Reputation: 107
Let's say I have a dataframe that looks something like this:
The following table is an example, I have like 120000 questions
Question | Hint | Cluster Label|
q1 |q1_h1 |1
q1 |q1_h2 |1
q1 |q1_h3 |1
q2 |q2_h1 |2
q2 |q2_h2 |2
q3 |q3_h1 |1
q4 |q4_h1 |2
q4 |q4_h2 |2
I want to groupby question and split dataframe into train and test such that associated question and hints are captured together and stratified on label.

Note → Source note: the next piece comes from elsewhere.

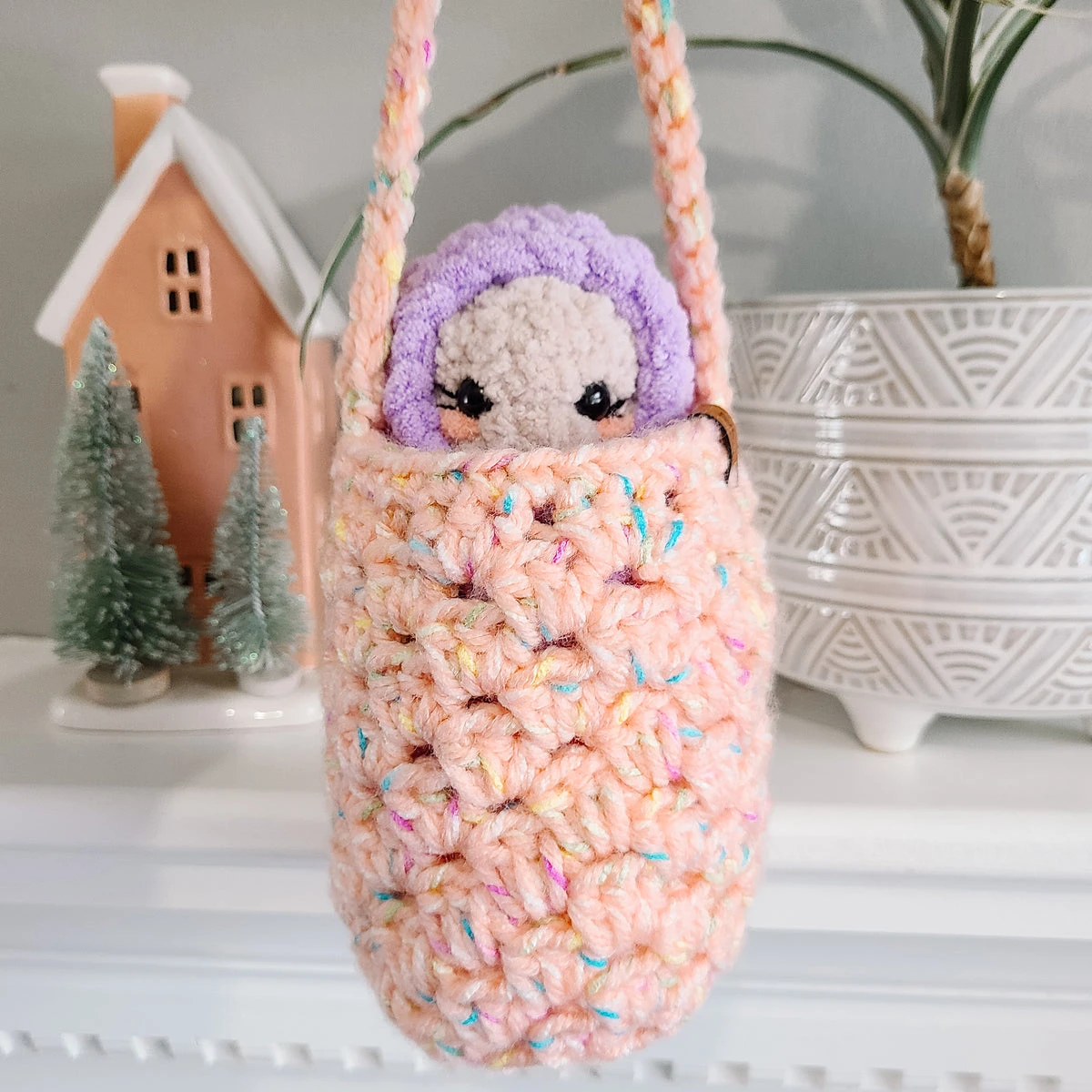 Dottie Doll + Carry Pouch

So output that I require would be:
train:
Question | Hint | Cluster Label|
q1 |q1_h1 |1
q1 |q1_h2 |1
q1 |q1_h3 |1
q2 |q2_h1 |2
q2 |q2_h2 |2
test:
Question | Hint | Cluster Label|
q3 |q3_h1 |1
q4 |q4_h1 |2
q4 |q4_h2 |2
Upvotes: 0
Views: 140
Reputation: 698
Looks like you need to use GroupKFold
or StratifiedGroupKFold
.
From the user manual, GroupKFold
"is a variation of k-fold which ensures that the same group is not represented in both testing and training sets."
To use it, you call the constructor as normal:
gkf = GroupKFold(n_splits = 5)
and when you call the split
method of gkf
you specify the variable to group on (in your case 'Question').

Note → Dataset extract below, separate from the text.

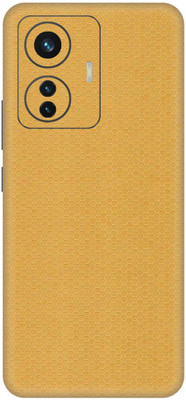 AMTHA AMTHA Vivo IQOO Z6 Mobile Skin(Multicolor)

If you're using it in GridSearchCV
or similar, you specify the group in as the 'groups' variable in the call to GridSearchCV
. See previous answer here.
Upvotes: 0
Reputation: 5430
You can simply split the DataFrame according to the value in Hint
:
df_train= df[(df['Hint'].str.contains('q1')) | (df['Hint'].str.contains('q2'))]
and similarly for df_test
Upvotes: 1